SANTA ROSA -- Agilent Technologies (NYSE: A) on Thursday reported fiscal first-quarter revenue for its Santa Rosa-based Electronic Measurement Group slipped 7 percent from a year before.

The group had revenues of $671 million for the quarter, ended Jan. 31, compared with $742 million for the first quarter of 2013, according to financial performance information Santa Clara-based company released after the closing bell of the New York exchange. Operating margin was 15 percent.

"We had the orders we wanted, but not the revenues," said group President Guy Sene.

Group orders were $699 million for the quarter, also 7 percent below those of a year ago.

Companywide, orders slipped 2 percent to $1.68 billion in the first quarter, and quarterly revenue remain unchanged from a year before at the same amount. Net income increased nearly 9 percent for the quarter to $195 million, or 58 cents a share.

Mr. Sene attributed the drop in his group's communications-equipment revenues in China to Chinese New Year celebrations, which caused disturbances in the business would and resulted in orders not being paid for.

"We'll get the business back in the next quarter," said Mr.
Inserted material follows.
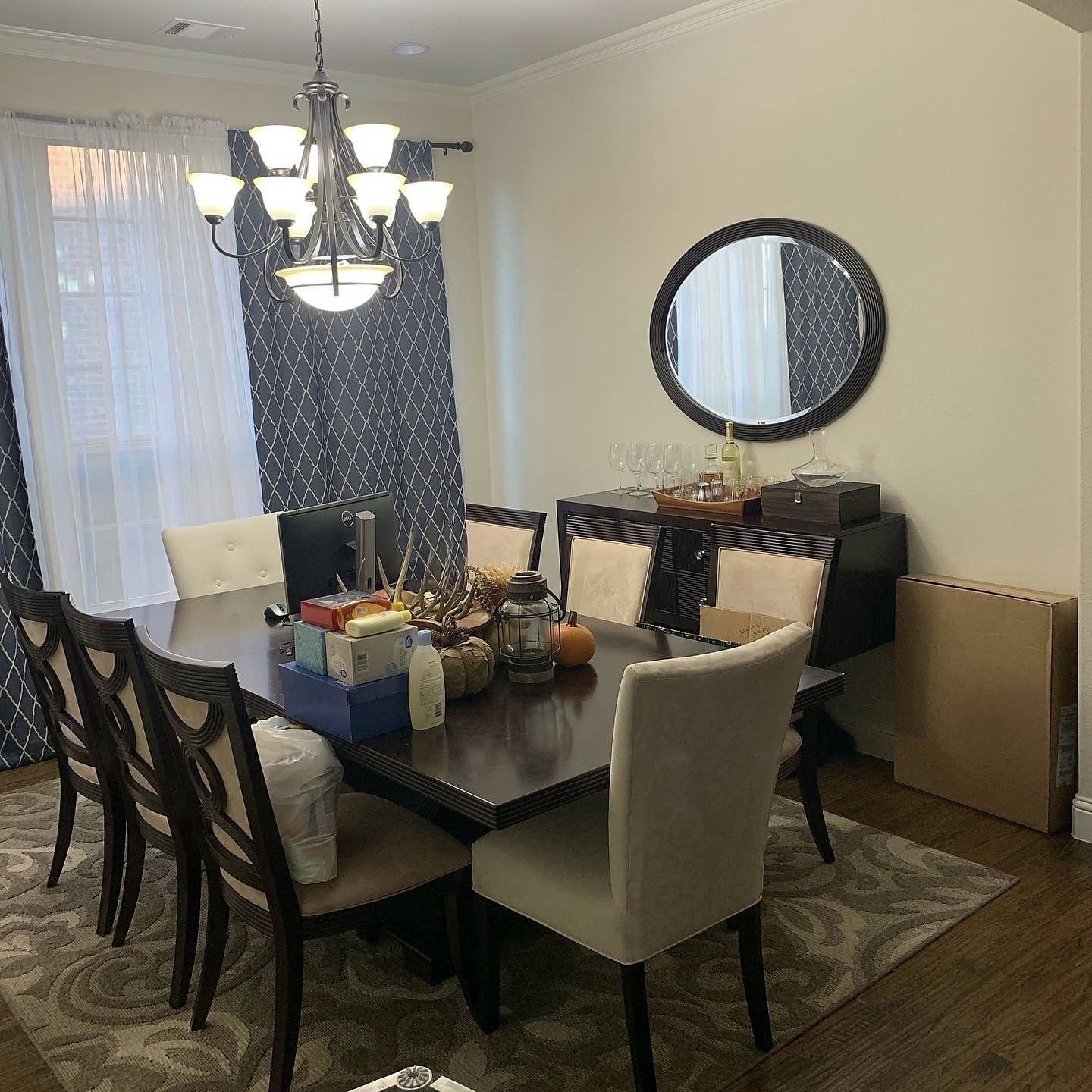 Pamela Lane dining room before — original dark wood table and mismatched chairs, traditional chandelier, patterned curtains and round mirror with sideboard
Sene.

The group, scheduled to become an independent company called Keysight Technologies in November, saw its aerospace and defense sales slide about 27 percent over the last quarter, according to Mr. Sene.

"Comparison is difficult," he said. "Our last quarter volume was unusually high because of companies' hurrying to do business before [federal budget] sequestration shut things down. But even so, there is still a slowness to recover that we weren't expecting."

He was upbeat about Keysight. The new company that will start doing business under that name in August.

"Then all our profits will come to us, instead of going toward growing other segments of Agilent's business," he said.

Agilent's stock price was $60.08 at the end of trading Thursday, up one-fifth of a percentage point from the previous day. Trading after hours sent the price down nearly 6 percent, or by $3.51 a share, to $56.57.